Legate al tema della cenere si ricollegano opere come Mantello, stivali e mozziconi (1971), ove i resti incresciosi di sigarette si accumulano sul vestiario come sciami d’api.
Il più delle volte questi due colori s’incontrano creando un forte impatto visivo, come nell’installazione Senza titolo (1995) dove neri pneumatici contengono lucente polvere di zolfo. Ma anche nelle numerose serie fotografiche: in Menetekel (1995) il giallo virato delle nuvole s’incontra in un clima apocalittico col nero inchiostro di un aereo da guerra, mentre in Sorgente (1995) i due colori sembrano fondersi quasi in un tramonto, forse un po’ blasfemo visto che il soggetto è un pene che orina…
Tra le installazioni, per mole colpiscono Perché tu possa camminare a Venezia (1998), onirico mantello in corteccia di palme da datteri e juta, e soprattutto I giardini pensili di Semiramide, opera realizzata per il Mart in occasione della mostra, ove gialle onde di plastica fluiscono con moto discendente, fragili e sconsolati simboli dello scorrere del tempo.

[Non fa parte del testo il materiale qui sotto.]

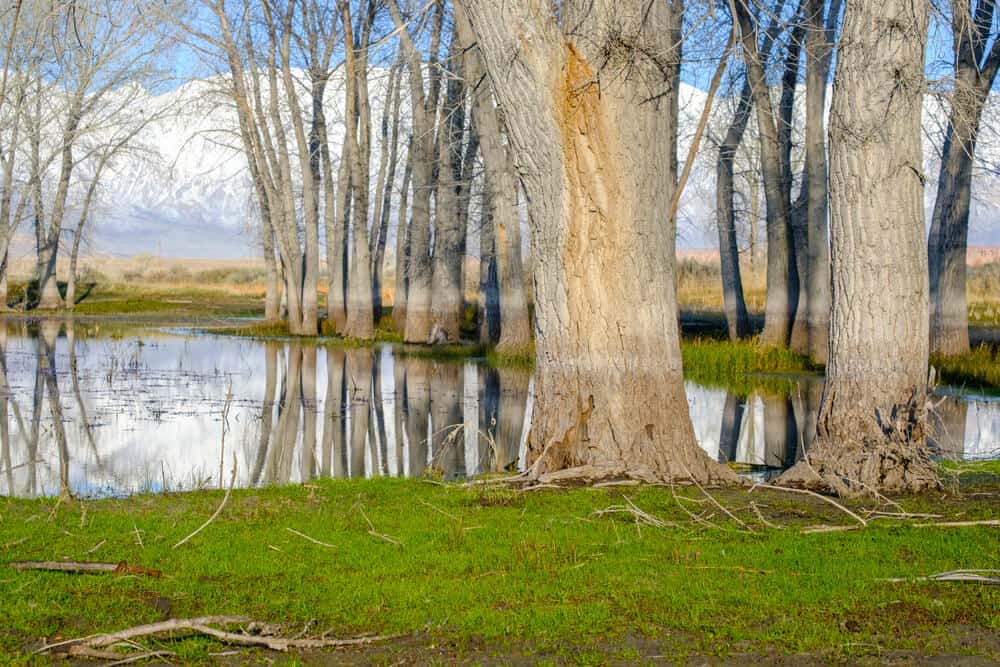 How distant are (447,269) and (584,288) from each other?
1977 centimetres

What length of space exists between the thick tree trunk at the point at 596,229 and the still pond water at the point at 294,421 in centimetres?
119

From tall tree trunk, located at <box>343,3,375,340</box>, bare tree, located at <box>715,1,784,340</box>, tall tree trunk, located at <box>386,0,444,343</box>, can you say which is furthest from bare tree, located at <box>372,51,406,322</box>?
bare tree, located at <box>715,1,784,340</box>

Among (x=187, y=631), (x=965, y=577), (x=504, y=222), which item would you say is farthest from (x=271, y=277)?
(x=965, y=577)

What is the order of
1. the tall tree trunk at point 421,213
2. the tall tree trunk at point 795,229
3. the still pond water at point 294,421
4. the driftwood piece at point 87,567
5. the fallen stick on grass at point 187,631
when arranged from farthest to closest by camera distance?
the tall tree trunk at point 421,213 < the tall tree trunk at point 795,229 < the still pond water at point 294,421 < the driftwood piece at point 87,567 < the fallen stick on grass at point 187,631

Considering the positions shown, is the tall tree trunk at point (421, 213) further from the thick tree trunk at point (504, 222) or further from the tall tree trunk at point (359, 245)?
the thick tree trunk at point (504, 222)

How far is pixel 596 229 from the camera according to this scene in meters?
9.55

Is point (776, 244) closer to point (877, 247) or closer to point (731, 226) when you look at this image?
point (731, 226)

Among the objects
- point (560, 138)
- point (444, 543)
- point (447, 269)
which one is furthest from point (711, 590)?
point (447, 269)

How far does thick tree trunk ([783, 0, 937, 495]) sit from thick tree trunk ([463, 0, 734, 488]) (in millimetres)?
1266

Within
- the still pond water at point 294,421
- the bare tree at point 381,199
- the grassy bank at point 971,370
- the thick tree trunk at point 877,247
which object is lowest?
the still pond water at point 294,421

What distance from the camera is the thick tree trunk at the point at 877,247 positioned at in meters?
9.38

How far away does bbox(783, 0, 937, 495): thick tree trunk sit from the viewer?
30.8 feet

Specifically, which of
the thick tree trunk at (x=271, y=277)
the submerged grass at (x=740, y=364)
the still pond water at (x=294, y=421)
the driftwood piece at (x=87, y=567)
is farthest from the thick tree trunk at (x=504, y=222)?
the driftwood piece at (x=87, y=567)

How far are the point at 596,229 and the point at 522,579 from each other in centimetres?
407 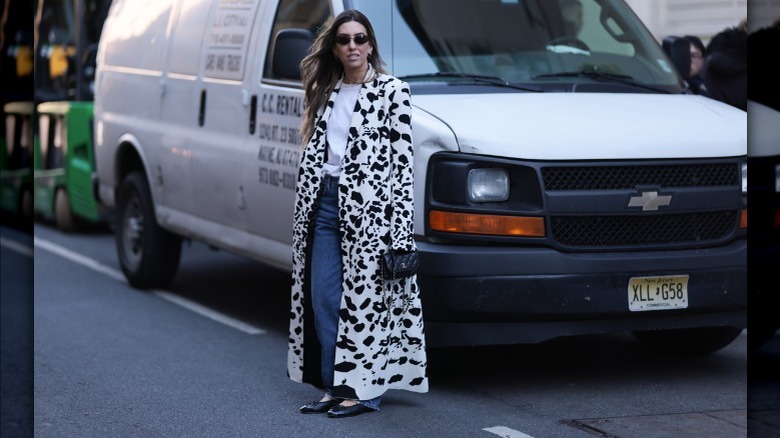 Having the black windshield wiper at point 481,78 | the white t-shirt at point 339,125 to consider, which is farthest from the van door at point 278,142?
the white t-shirt at point 339,125

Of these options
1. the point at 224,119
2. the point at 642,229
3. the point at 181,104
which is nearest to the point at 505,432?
the point at 642,229

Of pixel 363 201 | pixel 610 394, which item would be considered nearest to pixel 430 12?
pixel 363 201

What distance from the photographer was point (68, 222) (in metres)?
14.3

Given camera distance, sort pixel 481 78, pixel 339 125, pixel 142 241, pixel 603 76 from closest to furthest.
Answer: pixel 339 125, pixel 481 78, pixel 603 76, pixel 142 241

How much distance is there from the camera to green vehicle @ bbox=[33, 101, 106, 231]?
13.6m

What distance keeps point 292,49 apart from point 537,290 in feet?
5.61

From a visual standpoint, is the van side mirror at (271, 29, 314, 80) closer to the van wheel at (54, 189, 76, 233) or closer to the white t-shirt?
the white t-shirt

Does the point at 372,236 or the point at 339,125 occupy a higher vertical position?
the point at 339,125

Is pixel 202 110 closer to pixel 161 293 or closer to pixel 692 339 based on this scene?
pixel 161 293

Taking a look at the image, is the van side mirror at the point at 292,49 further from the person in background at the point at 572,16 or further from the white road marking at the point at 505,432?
the white road marking at the point at 505,432

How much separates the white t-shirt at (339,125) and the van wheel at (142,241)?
3892mm

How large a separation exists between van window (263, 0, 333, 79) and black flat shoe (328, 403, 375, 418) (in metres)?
2.11

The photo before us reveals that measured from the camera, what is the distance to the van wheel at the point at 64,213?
1429 cm

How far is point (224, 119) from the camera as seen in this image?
27.5ft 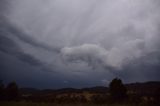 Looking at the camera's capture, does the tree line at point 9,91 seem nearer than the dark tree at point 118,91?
No

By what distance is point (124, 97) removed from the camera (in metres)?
63.2

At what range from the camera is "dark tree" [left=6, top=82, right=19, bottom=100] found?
69688 mm

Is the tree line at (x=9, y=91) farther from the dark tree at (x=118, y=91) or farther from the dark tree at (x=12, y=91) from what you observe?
the dark tree at (x=118, y=91)

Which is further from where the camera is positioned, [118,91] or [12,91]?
[12,91]

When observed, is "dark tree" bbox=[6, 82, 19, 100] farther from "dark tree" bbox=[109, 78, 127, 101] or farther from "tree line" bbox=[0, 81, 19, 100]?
"dark tree" bbox=[109, 78, 127, 101]

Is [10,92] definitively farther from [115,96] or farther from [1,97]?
[115,96]

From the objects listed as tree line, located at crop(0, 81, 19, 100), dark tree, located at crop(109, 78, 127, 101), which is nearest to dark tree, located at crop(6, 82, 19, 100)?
tree line, located at crop(0, 81, 19, 100)

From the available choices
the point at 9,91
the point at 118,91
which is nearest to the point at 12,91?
the point at 9,91

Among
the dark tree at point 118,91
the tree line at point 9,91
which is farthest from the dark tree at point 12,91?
the dark tree at point 118,91

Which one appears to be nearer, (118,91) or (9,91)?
(118,91)

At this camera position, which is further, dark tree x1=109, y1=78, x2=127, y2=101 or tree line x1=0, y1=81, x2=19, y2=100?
tree line x1=0, y1=81, x2=19, y2=100

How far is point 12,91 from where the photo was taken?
70.6 m

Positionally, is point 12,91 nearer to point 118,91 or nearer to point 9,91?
point 9,91

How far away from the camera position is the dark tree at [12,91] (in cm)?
6969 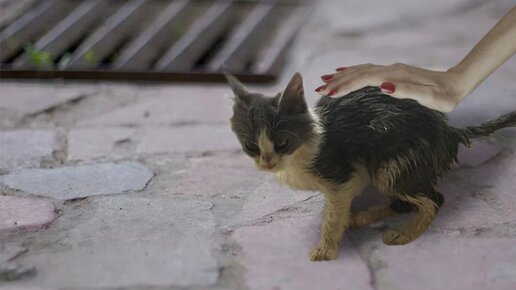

Due infine sono i video. Il primo, Fei-Ya! Fei-Ya! Fly, Fly (Our Chinese Friends) (1999), è un inno alla liberazione degli impulsi. L’altro, Fusion, dove gli improbabili giocatori di un match di football –con tanto di telecronaca– sono manager in giacca e cravatta, è accompagnato da una copiosa serie di fotografie e da un’installazione, nella quale sono presenti gli oggetti-reliquia dei giocatori, dal telefonino al notebook, dal giornale finanziario al contratto d’assicurazione.